America is a vast array of cultures, a medley of different people with different backgrounds. For each and every one of them, their definition of "American" is different. So what really is the American Dream?
I am American – born in New Jersey.
I am Guyanese – born to Guyanese parents.
I am Black – a mixture of African, Portuguese, and Amerindian.
I am a designer – by trade.
I am an artist – by passion.
My mother came to America as young adult; my father as a teenager. I grew up in the suburbs of New Jersey, but I was embedded in the Caribbean culture my whole life. Although I grew up in a predominantly white neighborhood, we were friends with most of the Caribbean families in the tri-county area and my parents raised my older brother and me with all of the Guyanese traditions. I have never missed a Christmas Day pepperpot in my life. (I have a clear memory of pepperpot shooting out from the pressure cooker a day before Christmas Day, circa 1998. It was ALL over the kitchen, the counter, the walls, and pepperpot stains do NOT come out of curtains.) We flew kites that my dad would bring home for us from Guyana on Easter Sunday. I can tell you the right Soca tracks that will get people up and dancing, because they are the same tracks that were on my dad’s “Soca Mix” cassette tapes from the '90s.

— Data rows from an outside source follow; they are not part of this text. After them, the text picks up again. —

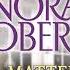 Nora Roberts A Matter Of Choice Mystery Thriller Suspense Audiobook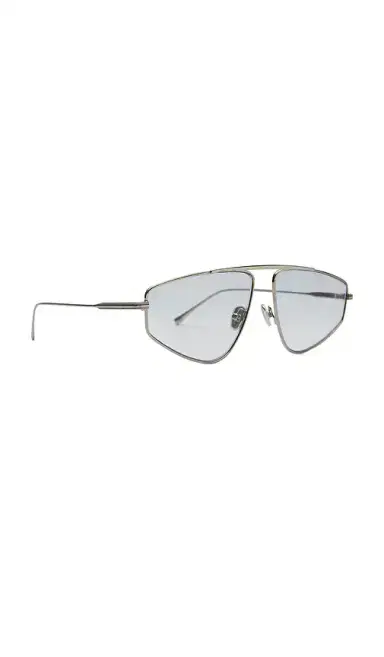 Elisa Johnson Riley Sunglasses | Thumbnail 2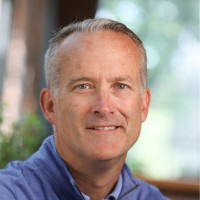 Mobi Systems Employee Michael Peterson's profile photo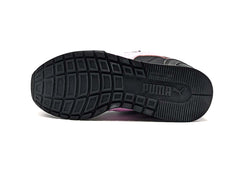 Puma St Runner V2
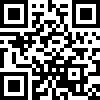 https://ru.abna24.com/xh3zM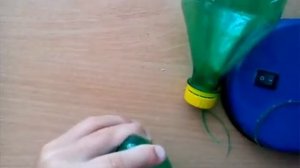 Делаем кубок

When I was younger, we used to visit Guyana for family vacations during the summer and we would would stay at our home in Georgetown. It’s been maybe five or six years since I’ve been back but one of my favorite, lasting memories was being able to step out to the back stairs from the second floor, stretch out my hand and pick fresh mangos from our mango tree in the backyard. And I always asked my father to bring home genip whenever we’d visit Guyana. It's still my favorite fruit to this day. As you can see, I celebrate and cherish my Guyanese heritage.
I also come from an entrepreneurial family, so starting a business at 23 never seemed impossible for me. Don't get me wrong, I knew it was never going to be easy. And it's been even more difficult than I could have imagined at the time. But I’ve been blessed that my parents sacrifice and hustle allowed for my brother and me to have a better life. I still tear up every time I think about this—and, right now, as I write about it— because I feel like I am a product of their American Dream. It’s from my mother and father that I now get my hustle. And I owe it to them to be a success.
My father and I would ‘talk business’ from a young age. We have a small family business, and it is probably part of reason why I started MWNY at such a young age. My dad's entrepreneurial background, mixed with my mother’s love for interior design, elaborate party planning and a general “lets-rip-this-carpet-up-and-re-stain-the-floors-before-Christmas” attitude, are all responsible for where I am today. When I first sat down with my dad and told him that I was really going to start this company, he gave me one piece of advice that has always stuck with me: “If you’re really going to start a business, you really have to do this. You can’t think of yourself as no small fish. You’re going to be swimming with the big fish now, so you have to think of yourself as big fish.”
“You’re going to be swimming with the big fish now, so you have to think of yourself as big fish.”
I have always kept that in the back of my head: Not to think of myself as no small fish—as he'd say . Not to see myself as someone who is just starting out, but a woman with a company that is valid and has a powerful voice. To this day I’ve struggled with combatting imposter syndrome, but years later I’ve realized that my father’s advice was a direct response to imposter syndrome. And every time I have that inner conflict with myself—those creeping thoughts of being a fraud, or that I don't belong—I remember my dad’s advice.